I'm halfway across the asphalt when the flickering stops.

Not burns out. Stops. The light goes steady and bright, and in that sudden clarity I see them.

Three figures. Dark clothes, still as photographs. They aren't walking toward me. They're already positioned, one at my car, one behind me, one to my left. A triangle with me at the center.

"Elara Vance?"

My keys are in my fist, teeth out. Pepper spray in my bag. Three steps away, but the one behind me is closer than three steps.

"Who's asking?"

"We need you to come with us." The speaker is tall, hooded. "Please don't make this difficult."

"That's what people say right before things get difficult."

I bolt for the gap between two and three.

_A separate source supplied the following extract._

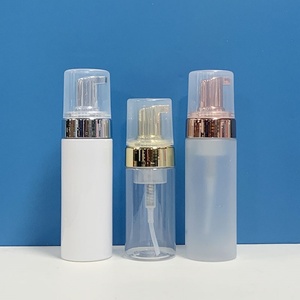 Bouteille de nettoyant moussant pour le visage en verre givré personnalisable avec étiquette privée, 100 ml, 120 ml, 150 ml, 200 ml, pour le lavage des mains - Product Image 4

I make it maybe ten feet before a hand catches my arm. Cold. Impossibly strong. The hooded figure is right there, he'd been twenty feet away a second ago, and his eyes catch the streetlight and throw it back silver.

No human eyes do that.

"We won't hurt you," he says, almost gentle. "But you have to come. The king is dying."

"I don't know any..."

Something pricks my neck. The parking lot tilts. My knees go soft, and the vial in my pocket presses against my thigh like a fist, like a secret I didn't get to solve.

The last thing I see before the dark takes me: three pairs of silver eyes, watching me fall.